▼

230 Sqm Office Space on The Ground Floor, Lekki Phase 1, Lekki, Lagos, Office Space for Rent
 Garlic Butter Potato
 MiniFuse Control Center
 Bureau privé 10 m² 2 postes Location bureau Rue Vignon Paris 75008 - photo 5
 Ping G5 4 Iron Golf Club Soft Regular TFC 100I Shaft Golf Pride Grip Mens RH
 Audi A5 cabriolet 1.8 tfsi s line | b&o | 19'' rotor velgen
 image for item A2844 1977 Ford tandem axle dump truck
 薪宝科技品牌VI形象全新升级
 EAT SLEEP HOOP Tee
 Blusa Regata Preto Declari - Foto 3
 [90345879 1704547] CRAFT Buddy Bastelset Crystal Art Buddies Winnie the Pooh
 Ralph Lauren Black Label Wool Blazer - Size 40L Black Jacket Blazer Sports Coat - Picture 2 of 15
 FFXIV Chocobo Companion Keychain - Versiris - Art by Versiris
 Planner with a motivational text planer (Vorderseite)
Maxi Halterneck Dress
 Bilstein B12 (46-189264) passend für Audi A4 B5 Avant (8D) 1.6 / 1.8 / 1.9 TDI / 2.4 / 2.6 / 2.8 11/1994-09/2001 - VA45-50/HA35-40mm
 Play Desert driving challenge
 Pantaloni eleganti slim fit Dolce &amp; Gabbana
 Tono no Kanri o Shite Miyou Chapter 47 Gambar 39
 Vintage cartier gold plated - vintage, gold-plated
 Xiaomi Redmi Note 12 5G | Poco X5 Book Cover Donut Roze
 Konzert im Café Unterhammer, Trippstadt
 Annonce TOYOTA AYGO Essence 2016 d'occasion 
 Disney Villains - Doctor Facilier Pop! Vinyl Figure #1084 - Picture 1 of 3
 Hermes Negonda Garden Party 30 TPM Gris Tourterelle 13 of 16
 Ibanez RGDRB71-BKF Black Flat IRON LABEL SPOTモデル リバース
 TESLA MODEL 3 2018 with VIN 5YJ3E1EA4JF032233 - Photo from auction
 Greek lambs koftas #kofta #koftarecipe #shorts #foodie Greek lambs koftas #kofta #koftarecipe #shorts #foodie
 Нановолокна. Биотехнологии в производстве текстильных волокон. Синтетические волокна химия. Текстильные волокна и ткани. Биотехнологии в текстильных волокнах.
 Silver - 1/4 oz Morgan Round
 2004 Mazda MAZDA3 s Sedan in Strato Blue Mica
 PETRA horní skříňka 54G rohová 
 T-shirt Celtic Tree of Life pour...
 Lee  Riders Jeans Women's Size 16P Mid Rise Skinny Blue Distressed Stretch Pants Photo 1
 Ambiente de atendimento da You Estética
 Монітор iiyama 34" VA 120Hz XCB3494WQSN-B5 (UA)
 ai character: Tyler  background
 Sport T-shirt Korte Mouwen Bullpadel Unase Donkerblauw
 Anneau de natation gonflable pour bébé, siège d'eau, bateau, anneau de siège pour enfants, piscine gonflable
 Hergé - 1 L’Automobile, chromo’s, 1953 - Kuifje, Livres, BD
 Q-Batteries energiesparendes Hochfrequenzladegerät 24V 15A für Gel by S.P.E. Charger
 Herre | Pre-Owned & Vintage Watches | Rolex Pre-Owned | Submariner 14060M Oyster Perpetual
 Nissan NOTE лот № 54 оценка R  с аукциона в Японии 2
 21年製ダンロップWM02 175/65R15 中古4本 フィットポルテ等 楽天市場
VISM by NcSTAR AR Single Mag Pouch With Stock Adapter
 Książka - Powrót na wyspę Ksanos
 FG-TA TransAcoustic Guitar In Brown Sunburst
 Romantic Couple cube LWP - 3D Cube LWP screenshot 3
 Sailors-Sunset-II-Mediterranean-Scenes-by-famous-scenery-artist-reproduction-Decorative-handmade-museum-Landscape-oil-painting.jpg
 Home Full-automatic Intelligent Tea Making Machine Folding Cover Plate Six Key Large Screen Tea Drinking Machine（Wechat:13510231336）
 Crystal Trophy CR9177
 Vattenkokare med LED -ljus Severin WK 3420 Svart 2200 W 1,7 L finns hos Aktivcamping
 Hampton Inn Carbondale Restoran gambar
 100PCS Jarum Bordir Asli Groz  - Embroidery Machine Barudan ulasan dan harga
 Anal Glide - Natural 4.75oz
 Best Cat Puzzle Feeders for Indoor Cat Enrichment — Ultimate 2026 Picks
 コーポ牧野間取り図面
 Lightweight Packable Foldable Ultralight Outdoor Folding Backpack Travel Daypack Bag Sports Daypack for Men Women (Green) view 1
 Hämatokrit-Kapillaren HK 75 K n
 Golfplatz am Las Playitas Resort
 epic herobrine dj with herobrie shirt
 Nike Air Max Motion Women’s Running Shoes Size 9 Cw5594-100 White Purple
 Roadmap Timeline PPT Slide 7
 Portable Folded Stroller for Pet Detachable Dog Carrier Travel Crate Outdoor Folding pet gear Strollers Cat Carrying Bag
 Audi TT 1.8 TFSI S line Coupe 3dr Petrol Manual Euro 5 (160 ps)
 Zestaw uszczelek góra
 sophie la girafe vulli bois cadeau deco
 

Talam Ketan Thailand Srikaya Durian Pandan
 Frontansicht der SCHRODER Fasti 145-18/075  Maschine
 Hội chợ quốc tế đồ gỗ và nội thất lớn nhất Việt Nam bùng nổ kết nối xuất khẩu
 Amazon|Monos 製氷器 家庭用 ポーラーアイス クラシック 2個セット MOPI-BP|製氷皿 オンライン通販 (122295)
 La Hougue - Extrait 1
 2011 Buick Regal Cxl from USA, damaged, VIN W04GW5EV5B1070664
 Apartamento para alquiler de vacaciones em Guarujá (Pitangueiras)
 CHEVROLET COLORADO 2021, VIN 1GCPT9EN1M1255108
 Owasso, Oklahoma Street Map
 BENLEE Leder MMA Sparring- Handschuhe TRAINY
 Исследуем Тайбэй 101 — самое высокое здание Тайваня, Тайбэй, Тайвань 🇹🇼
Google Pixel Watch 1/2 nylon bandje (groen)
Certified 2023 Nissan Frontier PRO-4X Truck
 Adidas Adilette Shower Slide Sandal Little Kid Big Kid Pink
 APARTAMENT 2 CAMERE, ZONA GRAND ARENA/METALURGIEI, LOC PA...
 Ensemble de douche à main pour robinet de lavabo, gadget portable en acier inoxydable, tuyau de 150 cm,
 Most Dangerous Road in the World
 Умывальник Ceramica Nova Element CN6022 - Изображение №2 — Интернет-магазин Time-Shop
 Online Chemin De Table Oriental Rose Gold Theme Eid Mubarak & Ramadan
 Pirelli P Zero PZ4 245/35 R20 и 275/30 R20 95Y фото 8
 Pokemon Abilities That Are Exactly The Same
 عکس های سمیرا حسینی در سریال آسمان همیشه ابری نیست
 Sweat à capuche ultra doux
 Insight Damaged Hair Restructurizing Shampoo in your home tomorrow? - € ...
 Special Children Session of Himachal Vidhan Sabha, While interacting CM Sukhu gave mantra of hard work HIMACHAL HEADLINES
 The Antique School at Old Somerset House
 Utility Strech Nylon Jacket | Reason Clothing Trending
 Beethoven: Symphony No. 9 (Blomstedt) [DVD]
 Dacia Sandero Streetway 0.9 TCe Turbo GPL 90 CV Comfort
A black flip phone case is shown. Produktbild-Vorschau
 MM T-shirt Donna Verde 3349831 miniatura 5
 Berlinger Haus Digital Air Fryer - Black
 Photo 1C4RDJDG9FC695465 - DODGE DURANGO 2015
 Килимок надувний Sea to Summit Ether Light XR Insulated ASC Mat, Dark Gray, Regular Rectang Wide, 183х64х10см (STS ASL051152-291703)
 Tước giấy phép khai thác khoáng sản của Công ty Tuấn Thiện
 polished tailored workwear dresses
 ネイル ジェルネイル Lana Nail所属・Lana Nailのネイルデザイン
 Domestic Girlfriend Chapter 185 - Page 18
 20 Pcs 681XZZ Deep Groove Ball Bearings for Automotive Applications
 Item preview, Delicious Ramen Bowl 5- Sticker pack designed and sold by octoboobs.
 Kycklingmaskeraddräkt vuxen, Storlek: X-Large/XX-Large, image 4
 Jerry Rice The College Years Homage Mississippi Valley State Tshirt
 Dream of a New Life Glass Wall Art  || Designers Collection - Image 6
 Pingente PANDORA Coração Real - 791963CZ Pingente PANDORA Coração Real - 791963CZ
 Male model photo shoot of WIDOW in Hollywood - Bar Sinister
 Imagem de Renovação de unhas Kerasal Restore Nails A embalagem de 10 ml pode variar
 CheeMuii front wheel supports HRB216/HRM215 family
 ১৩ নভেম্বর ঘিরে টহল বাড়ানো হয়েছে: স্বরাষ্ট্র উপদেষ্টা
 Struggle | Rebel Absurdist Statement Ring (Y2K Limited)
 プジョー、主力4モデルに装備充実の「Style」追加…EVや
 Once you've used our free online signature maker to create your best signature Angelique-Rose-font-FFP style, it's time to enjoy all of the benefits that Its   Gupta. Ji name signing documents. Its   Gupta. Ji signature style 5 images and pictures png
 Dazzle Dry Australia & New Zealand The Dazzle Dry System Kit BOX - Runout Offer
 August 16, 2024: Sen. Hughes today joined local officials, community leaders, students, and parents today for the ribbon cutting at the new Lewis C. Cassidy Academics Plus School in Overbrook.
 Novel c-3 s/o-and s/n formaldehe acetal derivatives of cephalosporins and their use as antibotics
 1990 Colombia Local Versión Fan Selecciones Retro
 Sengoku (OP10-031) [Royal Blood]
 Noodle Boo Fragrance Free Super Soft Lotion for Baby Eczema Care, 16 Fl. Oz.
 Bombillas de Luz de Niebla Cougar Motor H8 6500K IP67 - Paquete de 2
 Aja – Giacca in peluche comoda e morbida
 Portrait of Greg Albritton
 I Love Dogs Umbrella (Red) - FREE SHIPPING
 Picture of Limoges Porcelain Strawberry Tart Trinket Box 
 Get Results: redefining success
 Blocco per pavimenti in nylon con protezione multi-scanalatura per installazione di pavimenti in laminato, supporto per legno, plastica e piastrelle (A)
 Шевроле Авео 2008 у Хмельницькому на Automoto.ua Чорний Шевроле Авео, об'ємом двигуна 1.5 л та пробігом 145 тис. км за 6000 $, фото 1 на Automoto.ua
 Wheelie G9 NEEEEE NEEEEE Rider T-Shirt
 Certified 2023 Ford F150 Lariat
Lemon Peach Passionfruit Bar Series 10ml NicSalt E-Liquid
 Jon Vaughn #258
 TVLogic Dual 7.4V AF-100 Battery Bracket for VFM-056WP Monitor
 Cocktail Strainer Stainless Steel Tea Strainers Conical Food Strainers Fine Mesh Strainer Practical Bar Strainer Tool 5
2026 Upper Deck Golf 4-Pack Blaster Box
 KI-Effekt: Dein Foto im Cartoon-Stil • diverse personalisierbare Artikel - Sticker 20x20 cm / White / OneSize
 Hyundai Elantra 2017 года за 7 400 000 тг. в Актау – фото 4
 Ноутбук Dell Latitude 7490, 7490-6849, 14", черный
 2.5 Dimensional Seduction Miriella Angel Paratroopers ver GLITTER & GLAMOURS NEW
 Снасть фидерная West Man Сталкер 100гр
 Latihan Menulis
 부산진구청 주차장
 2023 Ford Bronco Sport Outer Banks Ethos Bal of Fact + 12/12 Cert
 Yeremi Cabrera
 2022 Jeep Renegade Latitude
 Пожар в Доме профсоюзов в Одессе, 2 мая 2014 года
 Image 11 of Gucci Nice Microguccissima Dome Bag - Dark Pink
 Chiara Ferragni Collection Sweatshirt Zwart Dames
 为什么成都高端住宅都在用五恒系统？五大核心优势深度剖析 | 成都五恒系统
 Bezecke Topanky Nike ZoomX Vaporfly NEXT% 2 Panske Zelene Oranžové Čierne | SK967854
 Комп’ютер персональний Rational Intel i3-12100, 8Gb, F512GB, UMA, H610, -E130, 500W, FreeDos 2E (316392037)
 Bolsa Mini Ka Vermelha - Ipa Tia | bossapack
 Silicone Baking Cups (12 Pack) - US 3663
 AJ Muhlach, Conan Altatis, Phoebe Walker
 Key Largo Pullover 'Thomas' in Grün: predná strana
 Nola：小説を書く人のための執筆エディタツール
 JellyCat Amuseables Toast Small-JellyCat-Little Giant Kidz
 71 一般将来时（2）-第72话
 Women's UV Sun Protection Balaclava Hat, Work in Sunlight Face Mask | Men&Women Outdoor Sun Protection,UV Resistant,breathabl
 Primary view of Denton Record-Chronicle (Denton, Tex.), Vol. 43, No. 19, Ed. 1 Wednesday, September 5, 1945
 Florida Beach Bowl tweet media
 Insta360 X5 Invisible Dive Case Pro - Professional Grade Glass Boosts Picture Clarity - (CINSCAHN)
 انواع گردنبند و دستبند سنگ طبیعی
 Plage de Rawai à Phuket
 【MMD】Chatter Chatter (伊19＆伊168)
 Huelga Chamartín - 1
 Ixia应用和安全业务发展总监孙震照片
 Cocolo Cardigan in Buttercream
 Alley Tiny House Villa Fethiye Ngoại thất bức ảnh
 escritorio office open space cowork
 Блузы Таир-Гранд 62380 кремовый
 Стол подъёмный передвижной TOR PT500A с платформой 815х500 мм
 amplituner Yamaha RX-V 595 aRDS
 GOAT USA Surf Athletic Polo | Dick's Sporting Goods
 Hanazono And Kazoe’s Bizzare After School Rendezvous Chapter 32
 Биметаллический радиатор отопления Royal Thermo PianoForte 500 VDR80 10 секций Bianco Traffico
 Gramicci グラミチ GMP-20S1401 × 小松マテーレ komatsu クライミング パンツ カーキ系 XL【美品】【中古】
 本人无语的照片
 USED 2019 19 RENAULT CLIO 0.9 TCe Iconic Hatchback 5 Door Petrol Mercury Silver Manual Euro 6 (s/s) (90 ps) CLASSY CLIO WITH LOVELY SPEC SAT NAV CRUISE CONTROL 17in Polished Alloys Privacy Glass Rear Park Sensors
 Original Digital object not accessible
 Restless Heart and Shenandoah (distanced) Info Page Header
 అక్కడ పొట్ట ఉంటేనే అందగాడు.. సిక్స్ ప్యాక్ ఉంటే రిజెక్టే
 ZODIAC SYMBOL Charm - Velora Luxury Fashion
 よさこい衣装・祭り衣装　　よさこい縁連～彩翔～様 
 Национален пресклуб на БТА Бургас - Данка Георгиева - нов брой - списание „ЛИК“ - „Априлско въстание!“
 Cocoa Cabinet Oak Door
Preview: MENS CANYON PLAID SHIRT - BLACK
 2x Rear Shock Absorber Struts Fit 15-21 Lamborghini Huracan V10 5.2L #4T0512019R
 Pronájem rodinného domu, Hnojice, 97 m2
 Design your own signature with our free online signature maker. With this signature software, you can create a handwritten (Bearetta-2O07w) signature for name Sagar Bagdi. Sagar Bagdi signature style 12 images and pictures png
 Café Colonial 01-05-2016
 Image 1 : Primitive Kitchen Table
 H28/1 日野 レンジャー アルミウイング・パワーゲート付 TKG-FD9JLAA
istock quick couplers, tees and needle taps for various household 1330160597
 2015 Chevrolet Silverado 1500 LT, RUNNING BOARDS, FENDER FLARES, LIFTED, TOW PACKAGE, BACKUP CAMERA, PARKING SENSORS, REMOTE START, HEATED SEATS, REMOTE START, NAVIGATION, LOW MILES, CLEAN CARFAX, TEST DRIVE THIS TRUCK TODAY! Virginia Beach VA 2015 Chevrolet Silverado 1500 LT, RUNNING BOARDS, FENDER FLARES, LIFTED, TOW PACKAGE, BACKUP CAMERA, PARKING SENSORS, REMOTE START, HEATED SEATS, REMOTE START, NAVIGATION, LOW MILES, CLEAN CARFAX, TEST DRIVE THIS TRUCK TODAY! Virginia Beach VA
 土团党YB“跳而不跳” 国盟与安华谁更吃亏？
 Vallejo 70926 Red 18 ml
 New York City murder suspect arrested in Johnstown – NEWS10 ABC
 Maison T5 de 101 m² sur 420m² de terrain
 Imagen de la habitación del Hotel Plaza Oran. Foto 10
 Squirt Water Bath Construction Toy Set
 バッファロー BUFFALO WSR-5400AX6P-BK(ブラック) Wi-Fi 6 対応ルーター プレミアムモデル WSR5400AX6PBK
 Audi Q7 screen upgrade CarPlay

▲

• _TASK REQUIREMENTS_:
Everything from the line with "Nola：小説を書く人のための執筆エディタツール" through the line with "ZODIAC SYMBOL Charm - Velora Luxury Fashion" should be written out exactly as it appears above, end lines included, and nothing outside that range.

• _ANSWER SECTION_:
 Nola：小説を書く人のための執筆エディタツール
 JellyCat Amuseables Toast Small-JellyCat-Little Giant Kidz
 71 一般将来时（2）-第72话
 Women's UV Sun Protection Balaclava Hat, Work in Sunlight Face Mask | Men&Women Outdoor Sun Protection,UV Resistant,breathabl
 Primary view of Denton Record-Chronicle (Denton, Tex.), Vol. 43, No. 19, Ed. 1 Wednesday, September 5, 1945
 Florida Beach Bowl tweet media
 Insta360 X5 Invisible Dive Case Pro - Professional Grade Glass Boosts Picture Clarity - (CINSCAHN)
 انواع گردنبند و دستبند سنگ طبیعی
 Plage de Rawai à Phuket
 【MMD】Chatter Chatter (伊19＆伊168)
 Huelga Chamartín - 1
 Ixia应用和安全业务发展总监孙震照片
 Cocolo Cardigan in Buttercream
 Alley Tiny House Villa Fethiye Ngoại thất bức ảnh
 escritorio office open space cowork
 Блузы Таир-Гранд 62380 кремовый
 Стол подъёмный передвижной TOR PT500A с платформой 815х500 мм
 amplituner Yamaha RX-V 595 aRDS
 GOAT USA Surf Athletic Polo | Dick's Sporting Goods
 Hanazono And Kazoe’s Bizzare After School Rendezvous Chapter 32
 Биметаллический радиатор отопления Royal Thermo PianoForte 500 VDR80 10 секций Bianco Traffico
 Gramicci グラミチ GMP-20S1401 × 小松マテーレ komatsu クライミング パンツ カーキ系 XL【美品】【中古】
 本人无语的照片
 USED 2019 19 RENAULT CLIO 0.9 TCe Iconic Hatchback 5 Door Petrol Mercury Silver Manual Euro 6 (s/s) (90 ps) CLASSY CLIO WITH LOVELY SPEC SAT NAV CRUISE CONTROL 17in Polished Alloys Privacy Glass Rear Park Sensors
 Original Digital object not accessible
 Restless Heart and Shenandoah (distanced) Info Page Header
 అక్కడ పొట్ట ఉంటేనే అందగాడు.. సిక్స్ ప్యాక్ ఉంటే రిజెక్టే
 ZODIAC SYMBOL Charm - Velora Luxury Fashion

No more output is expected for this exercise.